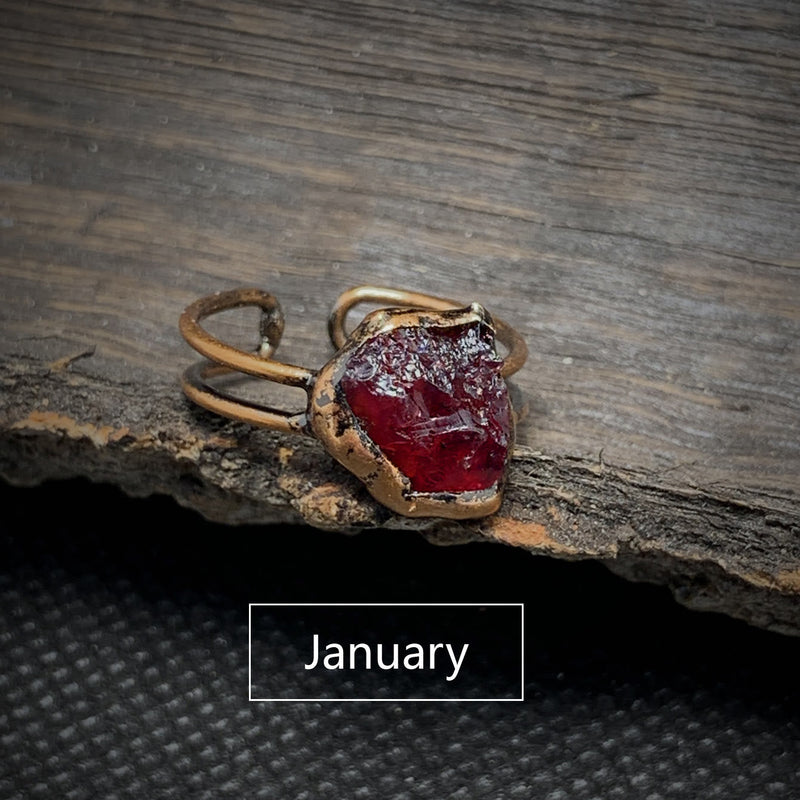 Natural Raw Birthstone Ring - Selina-January: Garnet-State of Style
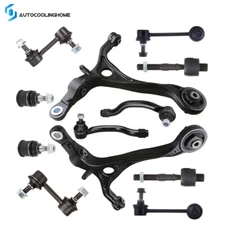 12pc Front Lower Control Arms Sway Bars Tie Rod Ends For 2004 2005 2006 Acura TL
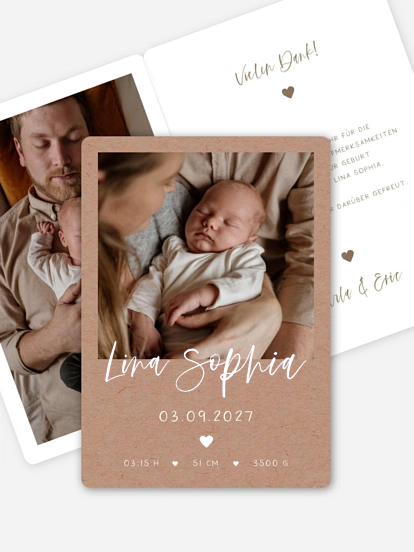 Geburtskarte Herzensglück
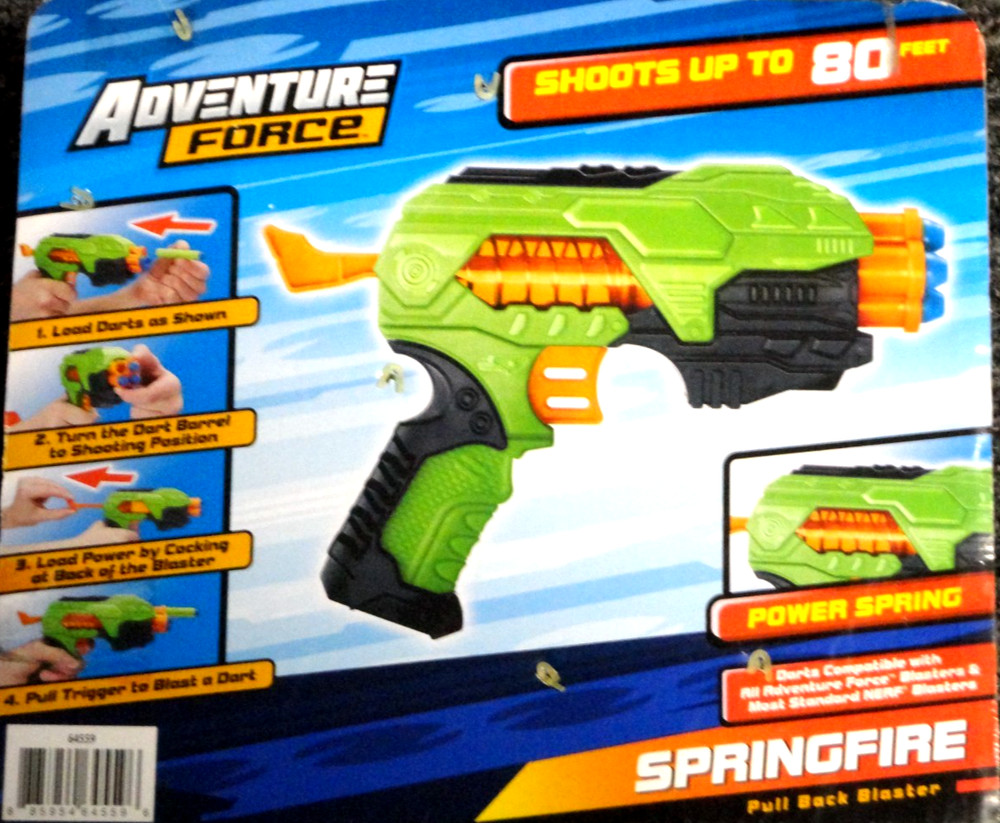 Springfire, Pull Back Blaster, NEW! 4 Foam Darts Shoots 80' , Adventure Forces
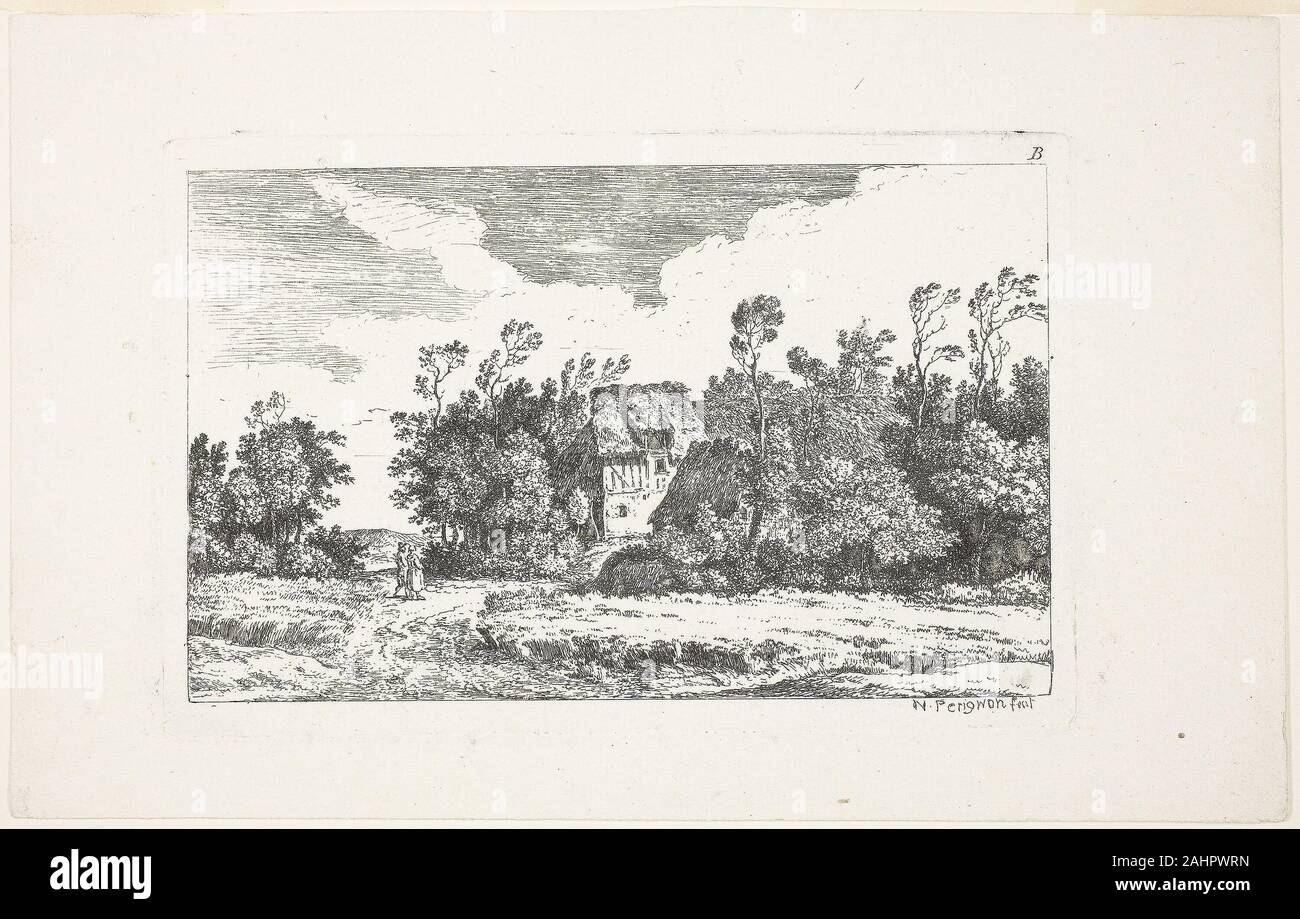 Nicolas Pérignon. Landschaft, von Deuxieme Cahier de Paysage. 1772. Frankreich. Ätzung auf Off-white Bütten Stockfoto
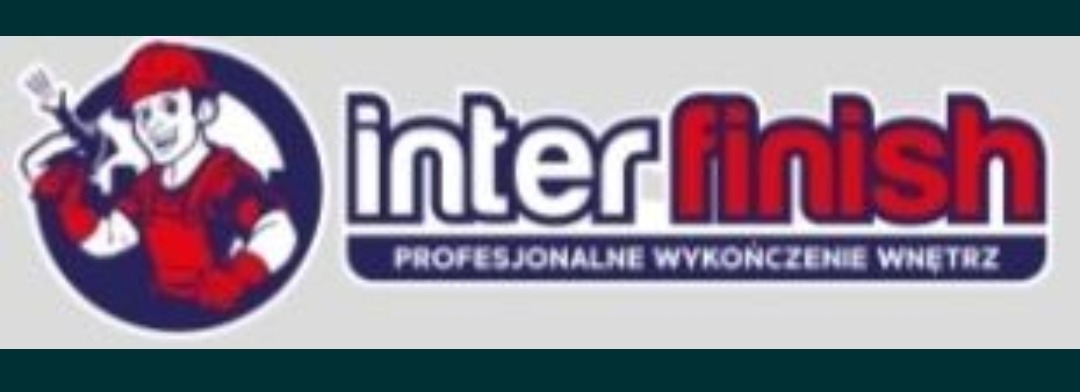 Logo firmy Interfinish z maskotką malarza trzymającego pistolet natryskowy i napisem 'Profesjonalne wykończenie wnętrz'.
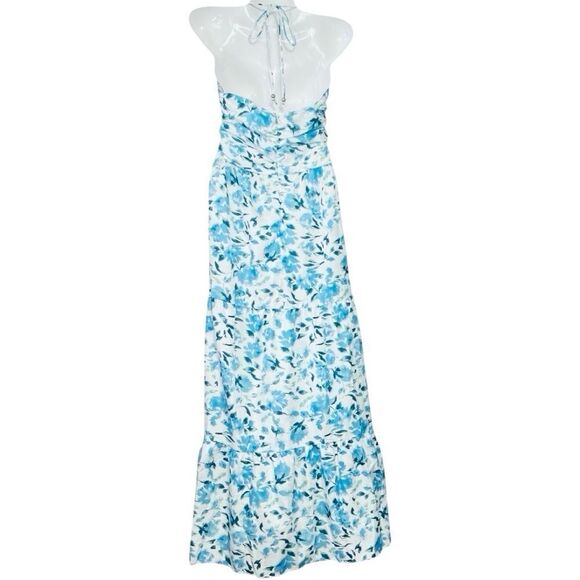 Blue and White Floral Halter Maxi Dress - Picture 5 of 11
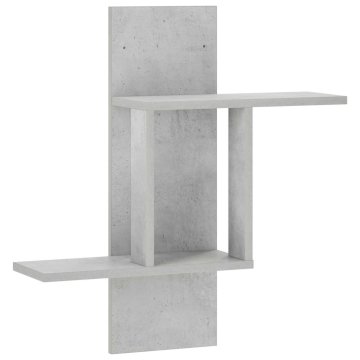 Vidaxl Stenska polica Betonsko siva 59 x 17 x 63 cm Inženirski les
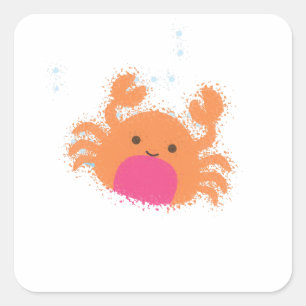 Oranje Cartoon krab Vierkante Sticker
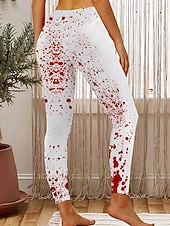 levne Halloween kalhoty-Dámské Legíny prázdniny Vinobraní Módní Plná délka Vysoký pasPantsHalloween Grafika Dýně předvečer Všech svatých Potisk Yumuşak Prodyšné Elastické Dovolená ulice Ležérní Tmavě červená Bílá / červen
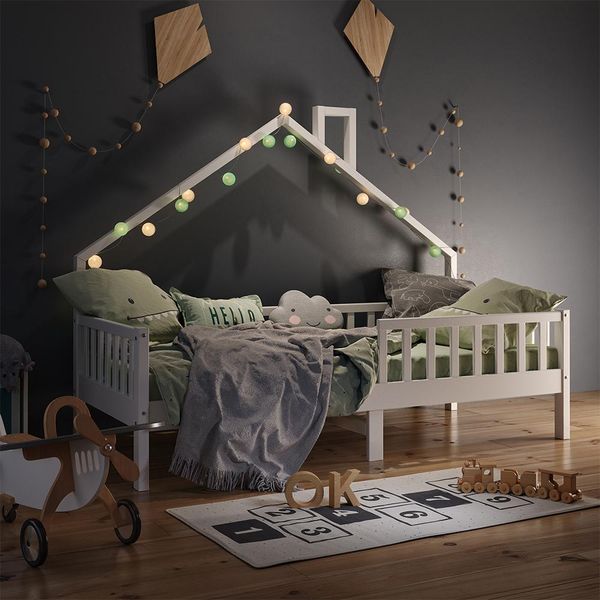 Vitalispa Letto Montessori Bambini Noemi, 90X200 Cm Con Materasso, Bianco-image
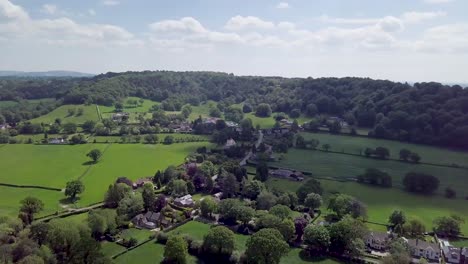 Drone-flying-over-agricultural-farmland-in-Cheshire,-UK-near-Alderley-Edge-area,-England,-UK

Work item: Find the line that contains "levne Halloween kalhoty-Dámské" and repeat it, along with every line after it to the end of the data, exactly; drop the pictures.

Response area:
 levne Halloween kalhoty-Dámské Legíny prázdniny Vinobraní Módní Plná délka Vysoký pasPantsHalloween Grafika Dýně předvečer Všech svatých Potisk Yumuşak Prodyšné Elastické Dovolená ulice Ležérní Tmavě červená Bílá / červen
 Vitalispa Letto Montessori Bambini Noemi, 90X200 Cm Con Materasso, Bianco-image
 Drone-flying-over-agricultural-farmland-in-Cheshire,-UK-near-Alderley-Edge-area,-England,-UK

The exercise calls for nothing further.